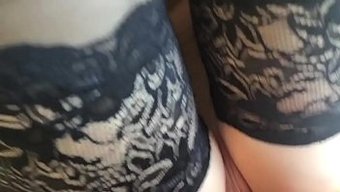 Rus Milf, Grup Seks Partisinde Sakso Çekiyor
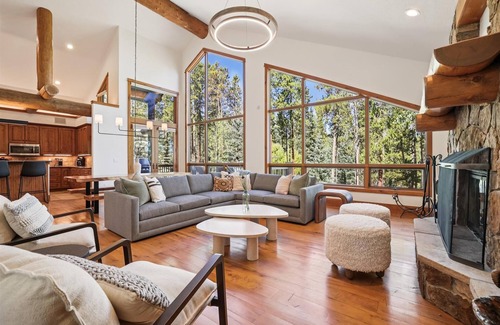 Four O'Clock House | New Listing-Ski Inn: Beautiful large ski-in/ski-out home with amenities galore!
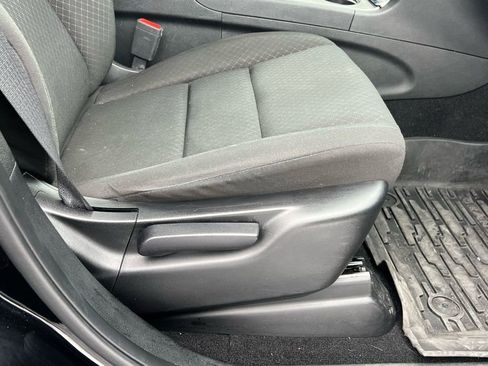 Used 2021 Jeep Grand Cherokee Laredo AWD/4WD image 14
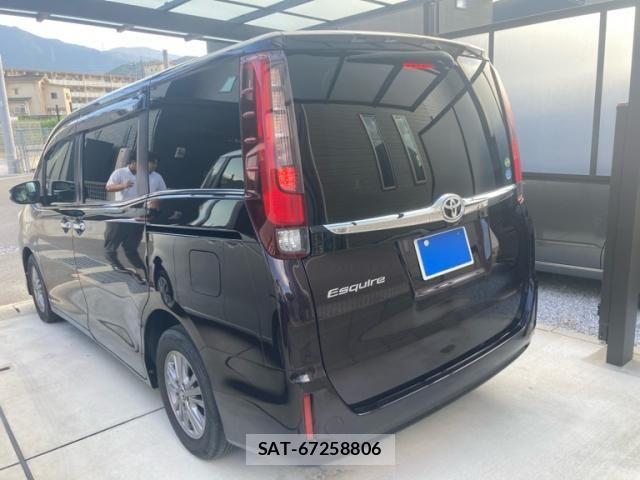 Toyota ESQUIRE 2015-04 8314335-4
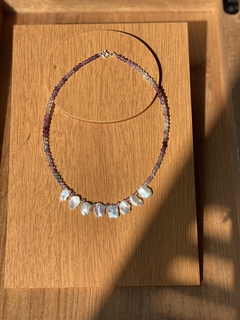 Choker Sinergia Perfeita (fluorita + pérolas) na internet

...

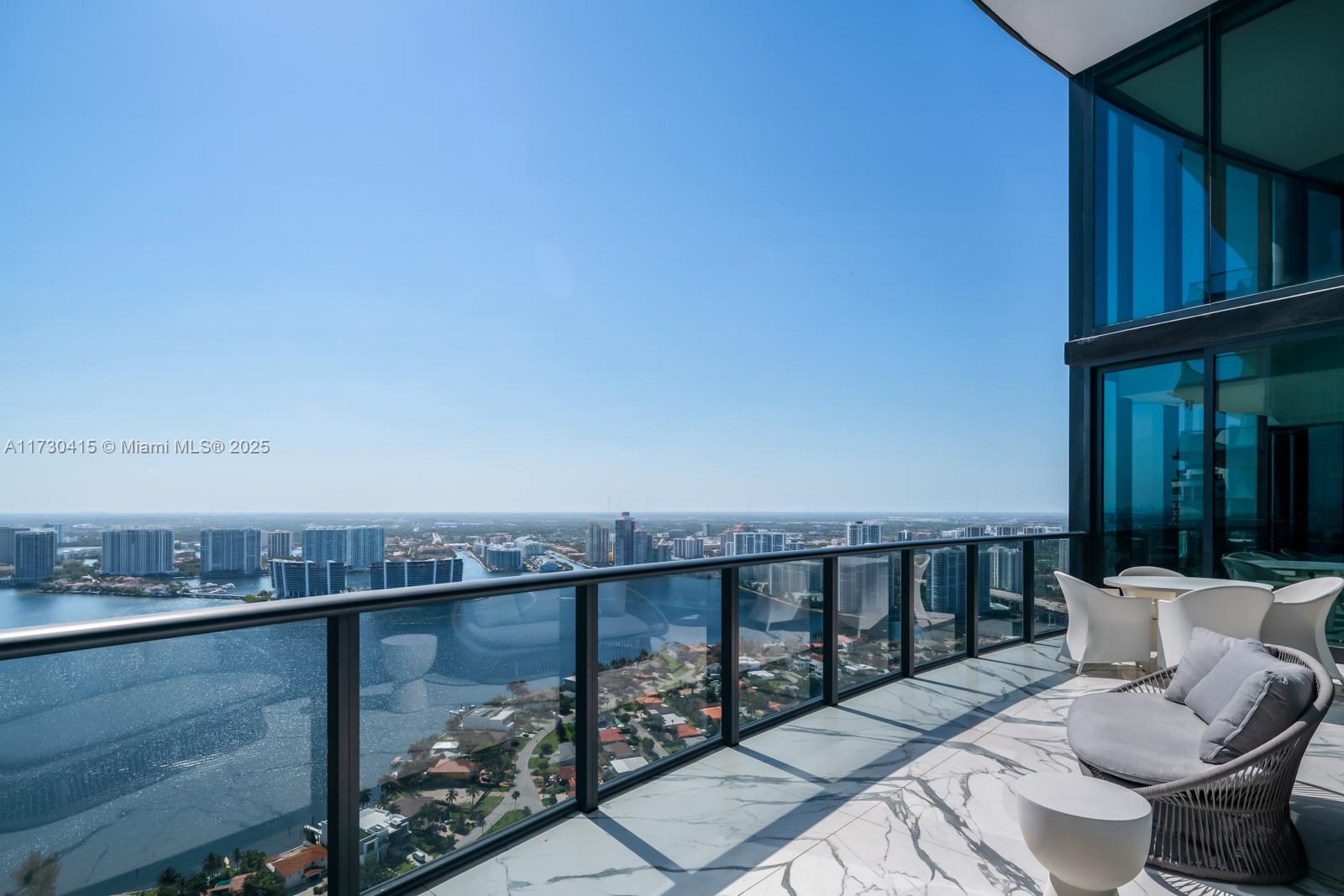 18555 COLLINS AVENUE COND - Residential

*What is required*
Reproduce the lines above starting at the one with "Toyota ESQUIRE 2015-04 8314335-4" and ending at the one with "Choker Sinergia Perfeita", both included, exactly and with no pictures.

*Your response*
 Toyota ESQUIRE 2015-04 8314335-4
 Choker Sinergia Perfeita (fluorita + pérolas) na internet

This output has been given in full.